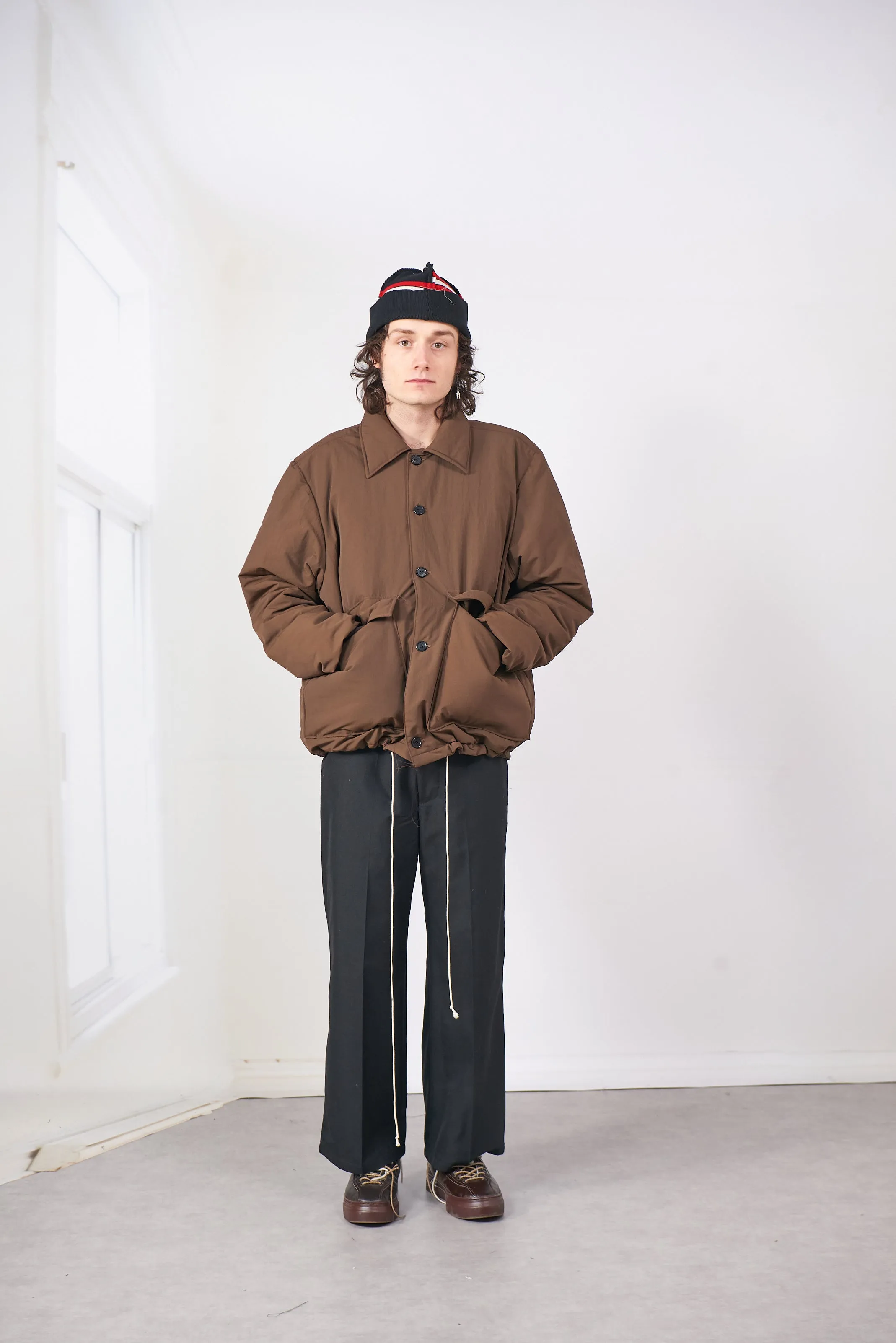 CF.20.10.01.01 PUFFED SIMPLE JACKET brown sold by Camiel Fortgens Mens product image thumbnail 5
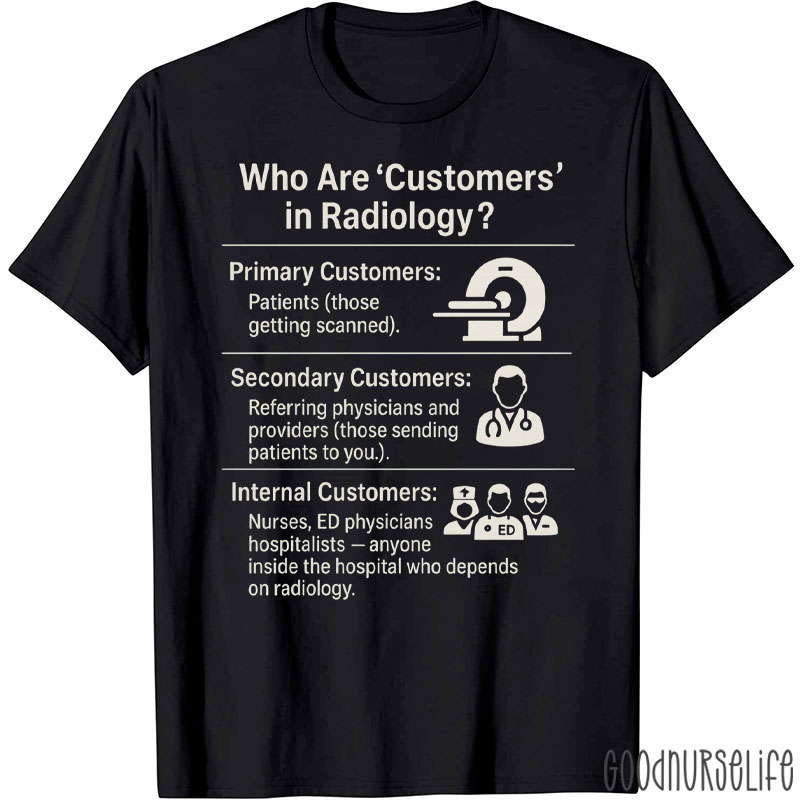 Who Are Customers In Radiology T-Shirt
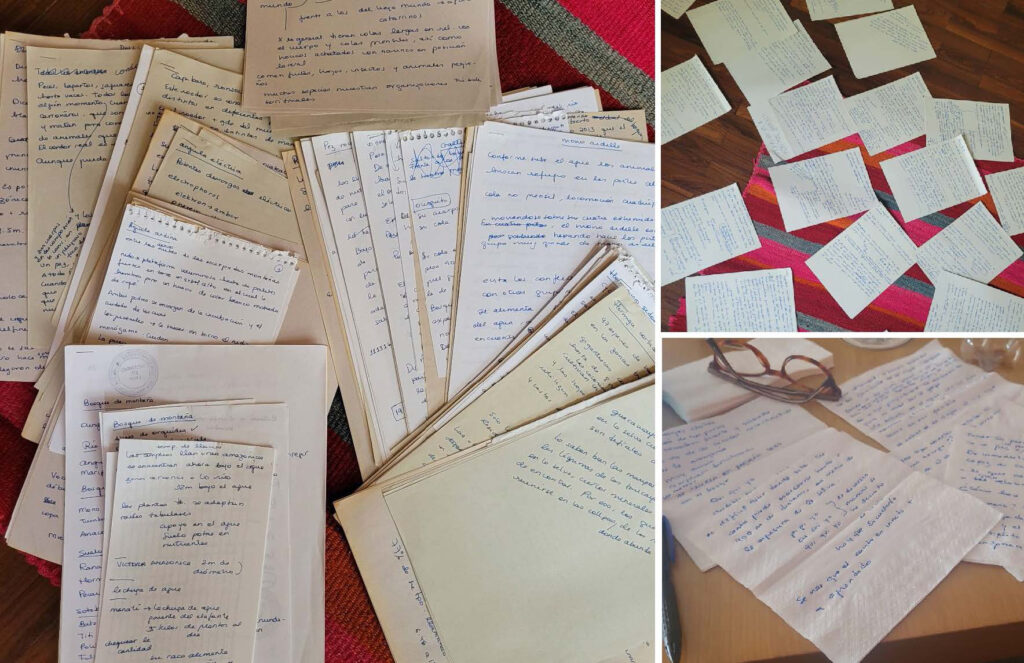 fotos libro y proceso creativo vida y costumbres en la amazonía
┄┄┄┄┄┄┄┄┄┄┄┄┄┄┄┄┄┄┄┄
▶ Task directions
Starting at the line that contains "Who Are Customers In Radiology T-Shirt", retype each line through the final one in the listing, with both ends kept and the pictures omitted.

▶ Exercise output
 Who Are Customers In Radiology T-Shirt
 fotos libro y proceso creativo vida y costumbres en la amazonía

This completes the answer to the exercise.